Nine Chains to the Moon

18 Longing Crosses the Sea

Chapter 18
Longing Crosses the Sea

2The PERIOD now under consideration, in our history of essential motivating forces and the economics of creative art, is that which began with Columbus’s discovery of a new continent and ended with Copernicus’s postulate that our ‘‘world’’ is not a standing-still center of the universe. The dates relative to this most arbitrarily selected point in history are unimportant. It is always NOW.

3 The center of the considered period was approximately 121,000 earth revolutions ago. Rays originally emanating from each and every star, then reflected from earth-events of that time, have in the meantime expanded outward 2 quintillion miles from earth, or about 1/500 of the distance to the farthest currently discovered star. Possible persons with able telescopes on planets of that neophite star member will actually see the events happening 15,000 years hence from ‘‘now,’’ which we now preposterously call ‘‘330 years ago" Those events are actually sensorially and mechanically occurring, at this instant, upon the surface of a sphere only 330 light years radiantly out from earth, for, remember, radiation includes all ray types, and whereas light rays reflect from the surface, other rays penetrate to and reflect from each and every physical depth outward at the same rate as the light reflected from the surface.

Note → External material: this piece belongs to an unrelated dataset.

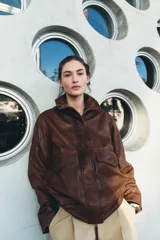 Cazadora bomber de cuero color marrón, con cuello alto, manga larga y bolsillos de parche con solapa en el delantero. Cierre frontal con cremallera metálica y botones a presión ocultos por solapa.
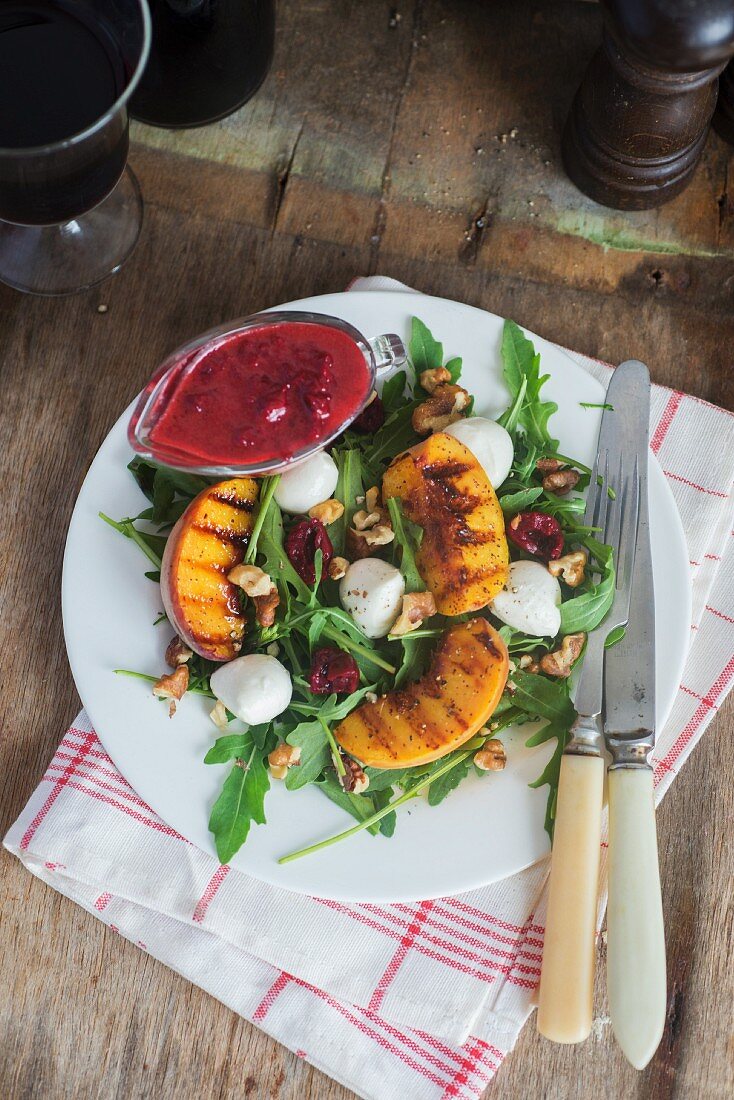 Salad with grilled peaches, mozzarella, walnuts, cherries and cherry dressing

4 The mind, when comprehending events of 330 years ‘‘ago,’’ is merely exercising its limitless function of jumping outward into the universe to that series and area of expanding time spheres to intercept the events now. What we sometimes call ‘‘ghostly’’ phenomena may quite scientifically be ‘‘assumed’’ to be events which have rebounded off other heavenly bodies, with the same certainty of angularity impact as that involved in the impacting of billiard balls, back to earth in the highly ephemeralized form of their interim expansion. It is to be noted that fictions of lying or imagination subsequently interwoven into ‘‘past’’ events cannot be reflected because they did not happen.

5 During our now considered period, which covered slightly more than a century, Galileo presented scientific proof of the postulate of Copernicus. Vasco de Gama and Magellan added empirical proof, the one by voyaging southeast to the Orient around the Cape of Good Hope, and the other by sailing southwest around the Horn and girdling the globe. Despite Magellan’s physical death or abandonment of self-ship one half way around, Magellan’s phantom captain completed the trip of his original undertaking, for his thought momentum was convincing enough to his successors to persuade them to continue westward into the unknown instead of ‘‘turning back,’’ which is always eastward from the viewpoint of the ‘‘overall’’ trend of man migration. Man follows the source of his energy, ever westward.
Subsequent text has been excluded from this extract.